Low-mid six figures and higher, you got people who make money that they don’t spend at all. Tens of thousands or more a year, these monies in great amounts being tax deferred or not exposed to sales taxes.

It’s just to say, demographic / nominal qualities of these non-sales taxed activity / income amounts for middle and affluent classes are mathematically powerful in diminishing this holistic effective tax rate calculation. But I don’t think it’s proper this mathematical feature, the supposed effective rate inequality that is the product of this calculation, should ever be thought to speak to a tax rate inequality that anyone should do anything about. We ask different taxes to different things. The purpose of the sales tax has always been to raise a lot of revenue from a broad base, with minimal burden. To make this inequality observation based on the effective tax rates of all taxes combined is to argue the sales tax is ineffective in capturing revenues from after income-tax monies the middle class and rich don’t spend. Which is true, but very far removed from how we expect the sales tax to operate. A radical notion is one that seeks a fix for it, we have not thought about the sales tax in these terms.

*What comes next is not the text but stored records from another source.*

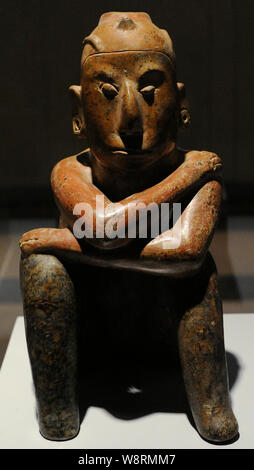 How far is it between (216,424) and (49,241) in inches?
25.2

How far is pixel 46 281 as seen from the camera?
1648 mm

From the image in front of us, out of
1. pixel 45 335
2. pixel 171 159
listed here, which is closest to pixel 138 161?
pixel 171 159

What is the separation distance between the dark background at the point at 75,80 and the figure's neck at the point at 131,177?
0.64 m

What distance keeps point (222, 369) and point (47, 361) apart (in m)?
0.47

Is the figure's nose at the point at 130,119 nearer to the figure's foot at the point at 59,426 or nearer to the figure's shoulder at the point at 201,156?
the figure's shoulder at the point at 201,156

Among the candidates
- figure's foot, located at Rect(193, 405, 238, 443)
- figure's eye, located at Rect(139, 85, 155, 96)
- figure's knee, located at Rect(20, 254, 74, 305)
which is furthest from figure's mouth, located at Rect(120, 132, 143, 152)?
figure's foot, located at Rect(193, 405, 238, 443)

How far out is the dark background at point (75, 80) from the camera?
7.05ft

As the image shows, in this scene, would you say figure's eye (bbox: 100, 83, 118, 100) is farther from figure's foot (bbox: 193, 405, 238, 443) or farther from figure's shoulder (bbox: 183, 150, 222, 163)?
Answer: figure's foot (bbox: 193, 405, 238, 443)

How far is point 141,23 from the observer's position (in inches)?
63.8

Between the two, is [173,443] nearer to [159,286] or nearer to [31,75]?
[159,286]

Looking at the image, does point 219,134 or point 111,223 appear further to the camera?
point 219,134

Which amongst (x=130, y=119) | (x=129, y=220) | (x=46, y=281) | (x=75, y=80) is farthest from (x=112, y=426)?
(x=75, y=80)

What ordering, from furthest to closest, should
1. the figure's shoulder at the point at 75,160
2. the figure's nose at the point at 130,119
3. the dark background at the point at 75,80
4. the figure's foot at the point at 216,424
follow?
the dark background at the point at 75,80
the figure's shoulder at the point at 75,160
the figure's foot at the point at 216,424
the figure's nose at the point at 130,119

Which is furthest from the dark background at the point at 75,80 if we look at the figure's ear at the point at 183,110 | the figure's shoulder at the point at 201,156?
the figure's shoulder at the point at 201,156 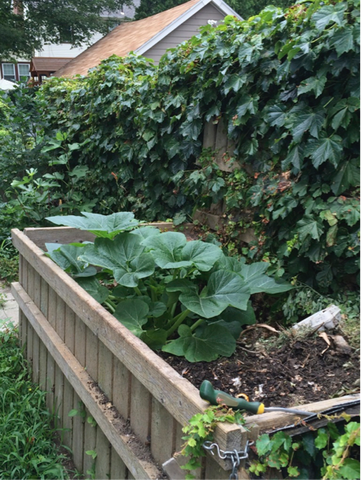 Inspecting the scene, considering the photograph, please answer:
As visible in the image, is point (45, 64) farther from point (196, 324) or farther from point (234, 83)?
point (196, 324)

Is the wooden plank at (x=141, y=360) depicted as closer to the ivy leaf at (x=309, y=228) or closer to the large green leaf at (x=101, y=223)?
the large green leaf at (x=101, y=223)

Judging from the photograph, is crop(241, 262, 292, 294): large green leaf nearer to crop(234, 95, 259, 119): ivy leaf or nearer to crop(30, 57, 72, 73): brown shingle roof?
crop(234, 95, 259, 119): ivy leaf

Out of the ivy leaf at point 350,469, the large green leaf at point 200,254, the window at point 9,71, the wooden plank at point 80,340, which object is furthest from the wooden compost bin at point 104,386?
the window at point 9,71

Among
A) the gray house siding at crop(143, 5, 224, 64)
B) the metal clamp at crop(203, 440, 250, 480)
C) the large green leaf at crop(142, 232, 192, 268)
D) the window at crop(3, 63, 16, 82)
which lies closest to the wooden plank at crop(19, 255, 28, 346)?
the large green leaf at crop(142, 232, 192, 268)

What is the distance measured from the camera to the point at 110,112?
5.17 metres

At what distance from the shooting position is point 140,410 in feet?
6.13

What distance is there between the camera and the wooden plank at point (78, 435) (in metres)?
2.50

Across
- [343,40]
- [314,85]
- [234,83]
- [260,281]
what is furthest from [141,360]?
[234,83]

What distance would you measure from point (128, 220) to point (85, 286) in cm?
47

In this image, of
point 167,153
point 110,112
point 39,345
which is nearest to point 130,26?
point 110,112

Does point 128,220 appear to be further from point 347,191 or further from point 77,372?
point 347,191

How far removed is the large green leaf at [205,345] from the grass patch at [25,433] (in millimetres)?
948

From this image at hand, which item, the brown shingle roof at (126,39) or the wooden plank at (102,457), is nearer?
the wooden plank at (102,457)

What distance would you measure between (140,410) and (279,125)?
5.60ft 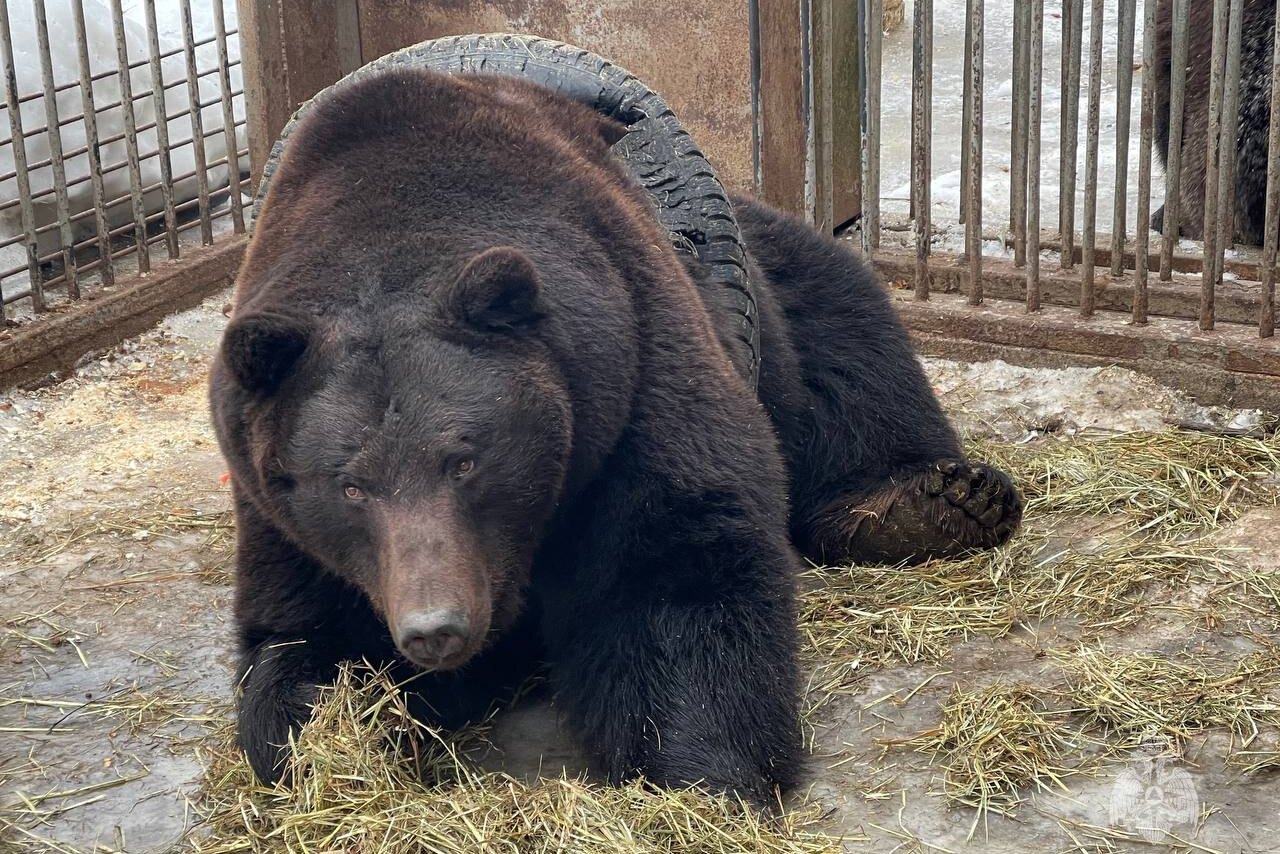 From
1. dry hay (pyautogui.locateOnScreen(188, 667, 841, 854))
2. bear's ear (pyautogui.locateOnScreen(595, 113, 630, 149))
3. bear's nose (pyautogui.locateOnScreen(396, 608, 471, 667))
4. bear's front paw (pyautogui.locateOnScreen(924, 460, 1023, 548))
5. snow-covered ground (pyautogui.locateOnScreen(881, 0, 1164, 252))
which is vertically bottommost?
dry hay (pyautogui.locateOnScreen(188, 667, 841, 854))

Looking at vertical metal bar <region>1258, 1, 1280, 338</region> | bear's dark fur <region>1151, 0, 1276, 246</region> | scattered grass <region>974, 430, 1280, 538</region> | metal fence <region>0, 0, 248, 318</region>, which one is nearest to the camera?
scattered grass <region>974, 430, 1280, 538</region>

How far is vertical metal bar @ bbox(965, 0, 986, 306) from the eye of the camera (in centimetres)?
609

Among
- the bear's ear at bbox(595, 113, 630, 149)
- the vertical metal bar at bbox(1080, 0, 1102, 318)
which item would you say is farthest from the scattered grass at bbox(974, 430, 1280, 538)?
the bear's ear at bbox(595, 113, 630, 149)

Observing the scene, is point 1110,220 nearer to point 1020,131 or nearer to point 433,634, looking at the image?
point 1020,131

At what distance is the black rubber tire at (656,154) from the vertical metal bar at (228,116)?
3405 mm

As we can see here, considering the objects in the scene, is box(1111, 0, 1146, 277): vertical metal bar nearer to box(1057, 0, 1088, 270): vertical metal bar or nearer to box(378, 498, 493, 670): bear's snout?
box(1057, 0, 1088, 270): vertical metal bar

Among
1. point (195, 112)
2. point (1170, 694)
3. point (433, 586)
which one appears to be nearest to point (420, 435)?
point (433, 586)

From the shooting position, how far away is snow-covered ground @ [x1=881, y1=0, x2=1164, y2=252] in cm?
802

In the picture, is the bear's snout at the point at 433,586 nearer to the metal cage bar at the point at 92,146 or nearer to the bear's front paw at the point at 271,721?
the bear's front paw at the point at 271,721

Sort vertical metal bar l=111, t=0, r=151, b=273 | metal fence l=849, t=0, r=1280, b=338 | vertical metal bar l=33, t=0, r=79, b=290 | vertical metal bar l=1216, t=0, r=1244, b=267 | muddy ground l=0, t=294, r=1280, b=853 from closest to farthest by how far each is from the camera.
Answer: muddy ground l=0, t=294, r=1280, b=853 → vertical metal bar l=1216, t=0, r=1244, b=267 → metal fence l=849, t=0, r=1280, b=338 → vertical metal bar l=33, t=0, r=79, b=290 → vertical metal bar l=111, t=0, r=151, b=273

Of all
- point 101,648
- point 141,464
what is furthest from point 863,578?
point 141,464

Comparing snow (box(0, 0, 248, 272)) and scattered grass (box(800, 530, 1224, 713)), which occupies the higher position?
snow (box(0, 0, 248, 272))

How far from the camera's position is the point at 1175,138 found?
5.98 m

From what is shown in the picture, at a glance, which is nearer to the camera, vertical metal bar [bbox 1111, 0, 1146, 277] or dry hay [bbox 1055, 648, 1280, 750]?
dry hay [bbox 1055, 648, 1280, 750] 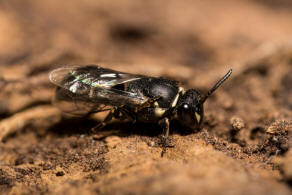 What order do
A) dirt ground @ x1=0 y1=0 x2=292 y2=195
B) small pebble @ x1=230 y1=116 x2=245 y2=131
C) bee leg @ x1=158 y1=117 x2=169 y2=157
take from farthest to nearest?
small pebble @ x1=230 y1=116 x2=245 y2=131
bee leg @ x1=158 y1=117 x2=169 y2=157
dirt ground @ x1=0 y1=0 x2=292 y2=195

Now, obviously you can re-arrange some facets here and say hey, we can respond practically to this sales tax incidence anomaly by raising income taxes on the affluent and rich… But I don’t think the mathematical features for the income deciles and their inequalities change so much unless you raise rates on the middle class and affluent a whole lot, in ways that as a practical matter are impossible. I mean, say that in Minnesota for the effective tax rate of the rich to be meaningfully progressive above the effective tax incidence of the poor, the top bracket has to move to 20%. That’s not something that ever happens, it’s politically untenable.

Which makes this stat set a nothing burger of dubious value. I mean look… we got a small top bracket income tax hike a couple years ago, and it served a purpose. It raised some revenue within the confines of what was politically possible. Did it move our effective tax rates at all over the various deciles? I doubt it moved them much, doubt it would have moved our ranking in that study.